Min-Huan Wu1, Ting-Hsuan Lee2, Hsiang-Ping Lee3, Te-Mao Li4, I-Tee Lee5, Po-Chuen Shieh2, Chih-Hsin Tang6. 1. Physical Education Office, Tunghai University, Taichung 407, Taiwan - Sports Recreation and Health Management Continuing Studies, Tunghai University, Taichung 407, Taiwan. 2. School of Pharmacy, Tajen University, Pingtung 907, Taiwan. 3. Graduate Institute of Chinese Medicine, China Medical University, Taichung 404, Taiwan - Department of Chinese Medicine, China Medical University Hospital, Taichung 404, Taiwan. 4. Graduate Institute of Chinese Medicine, China Medical University, Taichung 404, Taiwan. 5. Department of Chinese Medicine, China Medical University Hospital, Taichung 404, Taiwan - Division of Endocrinology and Metabolism, Department of Internal Medicine, Taichung Veterans General Hospital, Taichung 407, Taiwan - Graduate Institute of Basic Medical Science, China Medical University, Taichung 404, Taiwan. 6. Graduate Institute of Basic Medical Science, China Medical University, Taichung 404, Taiwan - Department of Pharmacology, School of Medicine, China Medical University, Taichung 404, Taiwan - Department of Biotechnology, College of Health Science, Asia University, Taichung 413, Taiwan.
Bone is a mineralized organ containing several types of cells, including osteoblasts (bone-forming cells) and osteoclasts (bone-resorbing cells), which subject bone to a continuous renewal and repair process during the life of each individual by the process of bone remodelling [1, 2]. Bone resorption and osteogenic functions must be in balance in order to maintain a constant bone mass [3, 4]. Compounds that promote osteoblastic proliferation or enhance differentiation of osteoblasts result in increased bone formation [5-7]. At this time, teriparatide®, the recombinant 1-34 fragment of human parathyroid hormone (rhPTH1-34), is the first bone formation agent to be approved for the treatment of osteoporosis [8, 9].Up until now, the detailed molecular mechanism of osteoporosis has remained unclear, albeit the process is probably correlated with reduced availability or activity of growth factors. For example, bone morphogenetic proteins (BMPs), [10] were first discovered due to their ability to promote bone formation in rodents. The protein structure of BMPs resembles that of the transforming growth factor-β superfamily [11]. It is known that BMP-2 plays a critical role in osteoblastic diffemtiation and bone formation by increasing osteopontin, collagen and proteoglycan production, as well as promoting alkaline phosphatase (ALP) activity [12]. Previous research has also linked osteoporosis with specific polymorphisms in the BMP-2 gene, confirming an association with osteoporosis [13].Traditional Chinese Medicine (TCM) is a popular component of health care in Taiwan that provides one therapeutic option for osteoporosis treatment.

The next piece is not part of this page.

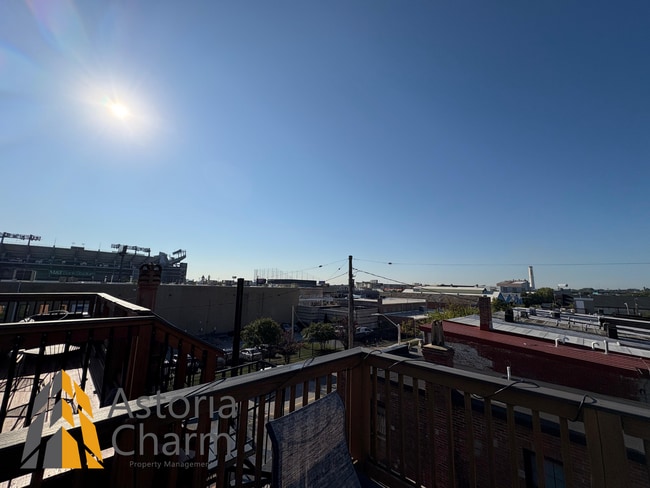 Building Photo - Backyard Fire Pit, Rooftop Terrace, and Mo...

Emerging studies indicate that TCM promotes bone formation and prevents bone loss in the ovariectomized rat model [14, 15]. The TCM drug Kuei-Lu-Er-Xian-Jiao (KLEXJ) is a multicomponent Chinese herbal supplement that has been used for treatment of degenerative joint diseases without adverse effects for over 2, 000 years [16, 17]. However, its role in osteoblastic function remains largely unknown. We report that KLEXJ extract increases osteoblastic differentiation marker ALP activity and BMP-2 production in osteoblasts, while simultaneously mediating the PI3 K/Akt-NF-κB pathway. Our findings suggest that KLEXJ may be useful in the treatment of osteoporosis.
Experimental section
Materials
Kuei-Lu-Er-Xian-Jiao (KLEXJ) contains Testudinis Plastrum (species: Chinemys reevesii; Animal part: plastrum); Cervi cornu (species: Cervus elaphus; animal part: antler); Radix Ginseng (species: Panax ginseng C. A. Meyer; plant part: root) and Lycii fructus (species: Lycium barbarum; plant part: fruit) and was prepared as follows: Testudinis Plastrum and Cervi cornu were stewed for 7 days, after which Radix Ginseng and Lycii fructus were added into the mixture. A 6.25 g extract was derived from the ratio between the 4 components, consisting of about 5 g of Testudinis Plastrum, 10 g of Cornu cervi, 0.55 g of Radix Ginseng, 1.1 g of Lycii fructus, which was provided by the LiAn Biotechnology Pharmaceutical Company (Tainan; Taiwan). Li-An Biotechnology Pharmaceutical Company was awarded the Good Manufacturing Practice certification in Taiwan (Drug license number-013857, issued by the Department of Health, Taiwan). Rabbit monoclonal antibodies specific for BMP-2, p85, Akt, p65, p-p85, p-Akt, p-p65 and b-actin, as well as anti-mouse and anti-rabbit IgG-conjugated horseradish peroxidase, were all purchased from Santa Cruz Biotechnology (Santa Cruz, CA, USA). The BMP-2 ELISA kit was obtained from Biosource Technology (Nivelles, Belgium). TRIzol reagent, Lipofectamine 2000, and the MMLV RT kit were obtained from Invitrogen (Carlsbad, CA, USA). The control, p85 and Akt siRNA were obtained from Dharmacon Research (Lafayette, CO, USA). The TaqMan assay kit was obtained from Thermo Fisher Scientific (Grand Island, NY, USA). LY294002 and other pharmacological inhibitors were purchased from Sigma-Aldrich (St. Louis, MO, USA).
Cell culture
The mouse osteoblast cell line MC3T3-E1 was obtained from American Type Culture Collection (Manassas, VA, USA). Cells were maintained in humidified air containing 5% CO2 at 37°C with a-minimum essential medium (MEM), 10% fetal bovine serum (FBS), 100 units/ml penicillin and 100 mg/ml streptomycin (Gibco-BRL Life technologies; Grand Island, NY, USA).
ALP activity assay
Osteoblasts were treated with KLEXJ for 24 h and then resolved with 0.2% Nonidet P-40. The medium was collected and ALP activity was examined by a commercial ALP activity detection kit (Sigma-Aldrich, St. Louis, MO, US) following manufacturer’s instructions.
Western blotting
Cellular lysates were prepared as our prior study [18-20]. Proteins were resolved by SDS-polyacrylamide gel electrophoresis and then transferred to polyvinyldifluoride membranes. The blot membranes were blocked with 4% non-fat milk for 1 h at room temperature, followed by incubation with primary antibodies at 4°C for overnight. After washing three times, the blots were incubated with anti-rabbit or anti-mouse HRP-conjugated secondary antibodies for 1 h at room temperature. Finally, the blots were visualized by enhanced chemiluminescence, using a Fujifilm LAS-3000 chemiluminescence detection system (Fujifilm; Tokyo, Japan).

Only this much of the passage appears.